I first noticed that Armando Galarraga had such a wickedly good game Wednesday as I perused the daily totals of my LABR team, for whom Mr. Gallaraga and his stunning, if not unexpected performance, were active.
But, I did not really see any of the related controversy surrounding Jim Joyce's now admitted bad safe call of Jason Donald, the would be 27th batter and 27th out that would have made an amazing third Perfect Game in less than a month.
I actually worked Dallas Braden's perfecto on Mother's Day, so I can pretty much imagine how intense it was. Because, trust me, from the
seventh inning on, the air was thick with tension, even though at the time, I doubt many of us would acknowledge anything unusual was afoot. And, that does mean the folks in the booth were in denial, rather we all tried to do our work and still be mindful of baseball's glorious history of superstition and jinx.
Furthermore, I have seen my share of bad calls, some of which, like Ed Armbrister not being called for obstruction by Larry Barnett in 1975, when I was rooting so hard for the Red Sox, while some, like Don Denkinger's call in the '85 series went the way of the Royals, of whom I was a huge fan at the time (they were my Strat-O-Matic team in those days).
And, it seems there is very little in the world that Bud Selig and I would ever agree upon, but his decision not to overturn Joyce's call,
despite the fact that everyone in the universe knows it was wrong, is the correct move to make. I more than understand those who say, "but we want to get it right." For surely, I want the umps to get it right, I trust, as emphatically as they want to get it right.

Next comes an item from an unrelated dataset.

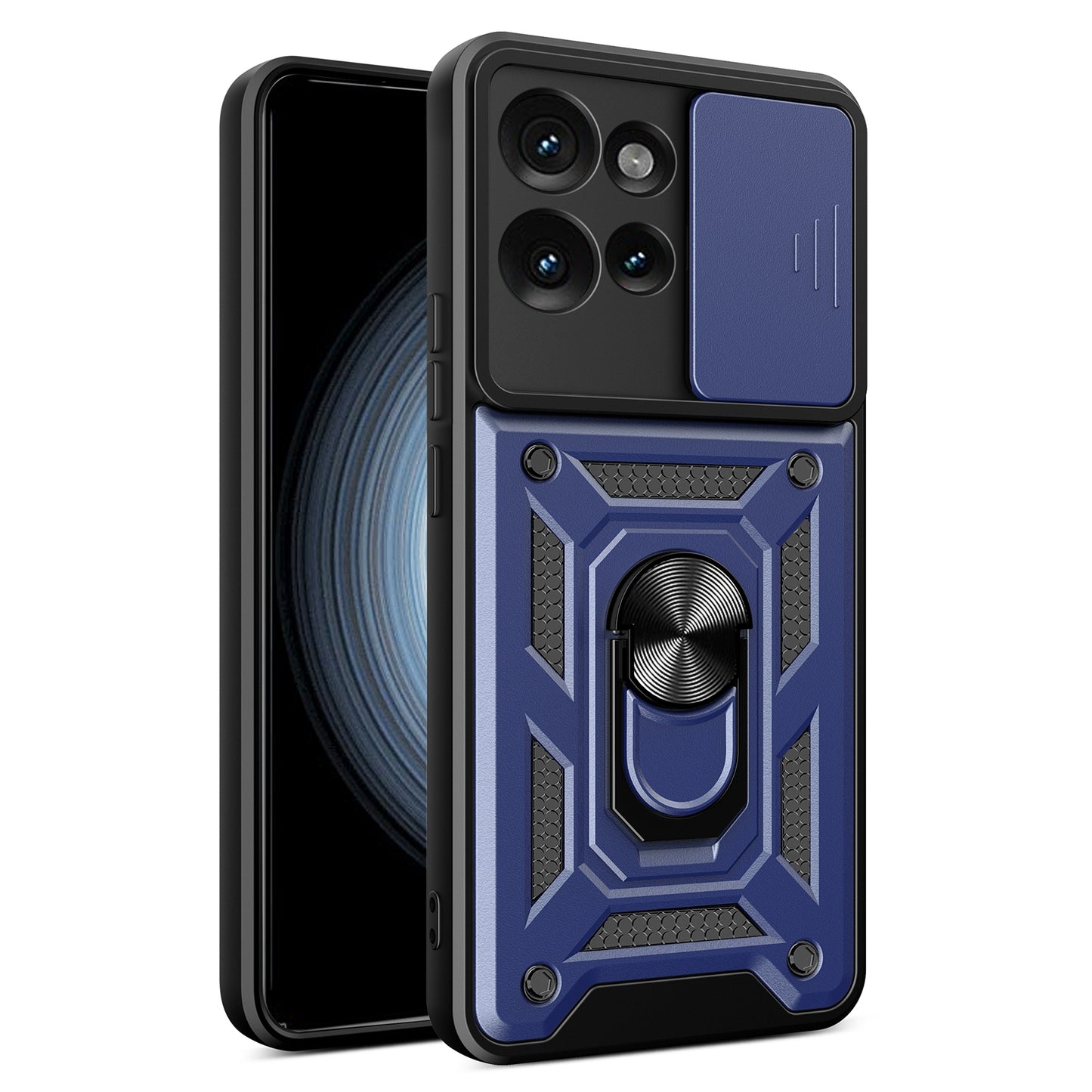 Motorola Edge 50 5G Sliding Camera Cover Magnetic Ring Stand Shockproof TPU + PC Protective Phone Case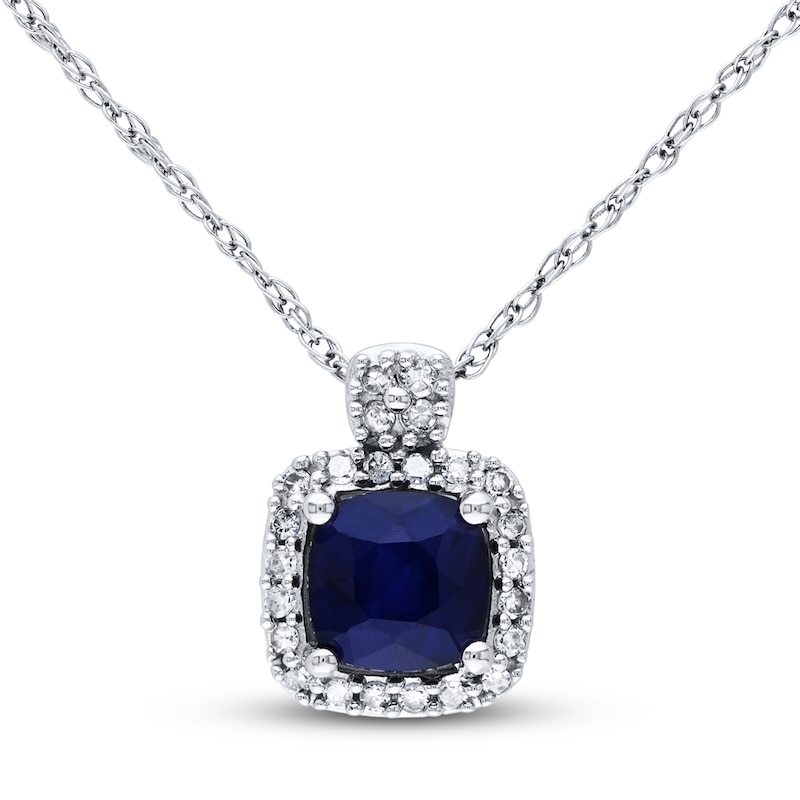 Main Image 1 of Sapphire Necklace 1/10 ct tw Diamonds 10K White Gold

But to me, baseball is the last vestige of the beauty of our human frailties. Baseball is the sport where the split second rendering of "justice" must be meted out by well trained humans who are doing the absolute best they can in a completely imperfect setting. The reality is it is amazing how often these guys actually get the calls correctly, when you think of 162-plus games times 30 teams, times a minimum of 54 outs, and hundreds of pitches per game.
But, aside from having to determine which of these calls can be challenged, I think we essentially make umps decisions, which are currently final save questionable home run/foul/doubles calls where the ball leaves the playing field, impotent.
And, that is contrary to the spirit of baseball. Because, embracing a bad call as part of the game is, "just baseball." That is the way it goes, along with the folklore of "we wuz robbed."
The best definition of existentialism I have ever heard relates to baseball, where the subjective umpire says "I call them as I see them," the objective umpire says, "I call them as they are," and the existential ump says, "until I call them, they ain't."
For better or worse, for richer or poorer, I think we have to leave the Heidigger-esque in the hands of the Joyces and Barnetts and Denkingers because that is the way was conceived, and because that is the way it has always been played.
By humans, against humans, with humans adjudicating and watching. If baseball is a perfect game, then that is part of why.
I can deal with the DH, and astroturf. But, I cannot deal without the umps being that final say.